Pendekatan yang disarankan adalah untuk segera mencapai kecepatan yang nyaman dengan kemiringan 5,5%, kemudian menaikkan kemiringan treadmill hingga target frekuensi napas atau nadi tercapai, umumnya hingga kemiringan 10%. Pemeriksaan dianggap selesai ketika pasien telah berolahraga hingga target frekuensi napas atau nadi tercapai selama 6 menit.[1]
Protokol Bicycle Ergometer :
Jika bicycle ergometer digunakan, beban olahraga dinaikkan secara cepat menggunakan sistem rem elektromagnet hingga ventilasi target tercapai. Target ventilasi atau frekuensi nadi diharapkan tercapai dalam 2–3 menit.
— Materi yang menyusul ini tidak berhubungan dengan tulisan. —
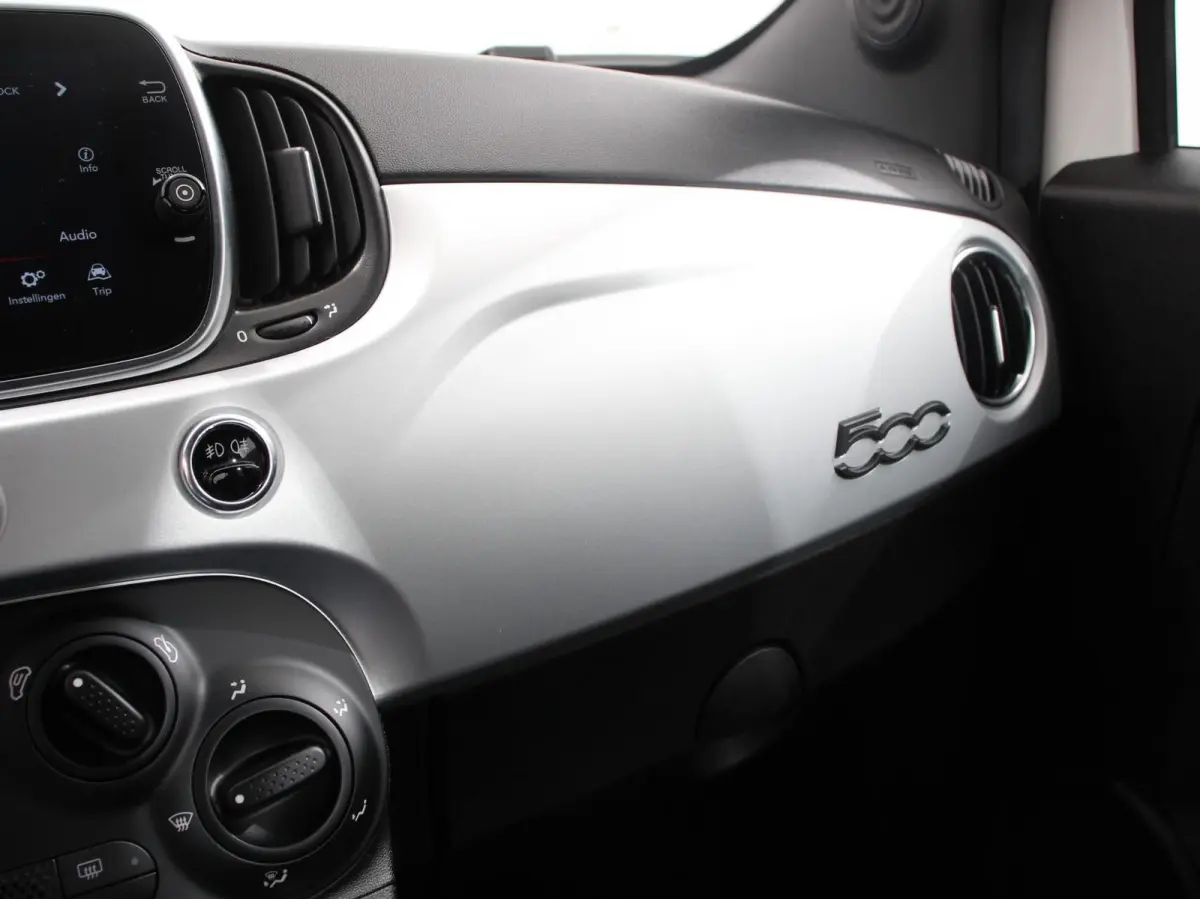 1.0 Hybrid Sport Climate control Cruise control Lichtmetalen velgen Groot scherm Sportstoelen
Hasil pemeriksaan dianggap valid jika intensitas olahraga yang ditargetkan dapat dipertahankan selama 6 menit.[1]
Stimulus Manitol
Tes provokasi dengan manitol dianggap positif jika FEV1 berkurang 15% atau lebih dari nilai awal dengan ≤635 mg akumulasi dosis mannitol.[3]
Tes provokasi dengan mannitol dilakukan dengan capsule-based dry powder inhaler device yang digunakan untuk memaparkan mannitol dalam dosis yang ditingkatkan secara bertahap.
- Masukkan kapsul tanpa mannitol ke dalam alat inhaler
- Pasien diminta untuk menghembuskan napas tanpa menyentuh alat, memiringkan kepala ke belakang sedikit, lalu memasukkan alat inhaler ke dalam mulut dengan dimiringkan 45O ke atas dan bibir tertutup rapat pada mouthpiece
- Minta pasien menarik napas, kemudian tahan selama 5 detik
- Setelah 5 detik berlalu, minta pasien menghembuskan napas tanpa menyentuh alat, dan bernapas seperti biasa
- Dalam 1 menit, dokter harus melakukan pengukuran FEV setidaknya 2 kali. Nilai tertinggi dianggap sebagai baseline
- Setelah pengukuran spirometri dilakukan, berikan mannitol melalui alat sesuai dengan siklus yang telah dijelaskan sebelumnya. Lakukan peningkatan dosis manitol secara bertahap (5 mg, 10 mg, 20 mg, 40 mg, 40 mg kedua, 40 mg ketiga, dan seterusnya)[1]
Hal yang perlu diperhatikan ketika melakukan tes provokasi manitol adalah untuk selalu melakukan pengukuran spirometri dalam 1 menit setelah pemberian dosis. Jika lebih dari 1 kapsul dibutuhkan, maka 1 menit dihitung dari inhalasi kapsul terakhir.[1]
Dosis kumulatif mempengaruhi penilaian dari tes provokasi dengan manitol, sehingga dosis harus diberikan segera setelah spirometri dan interval antar dosis perlu diminimalisir.
Protokol dihentikan jika ada penurunan FEV1 15% dari baseline, penurunan 10% antara 2 dosis berurutan, atau dosis kumulatif telah mencapai 635 mg.[1]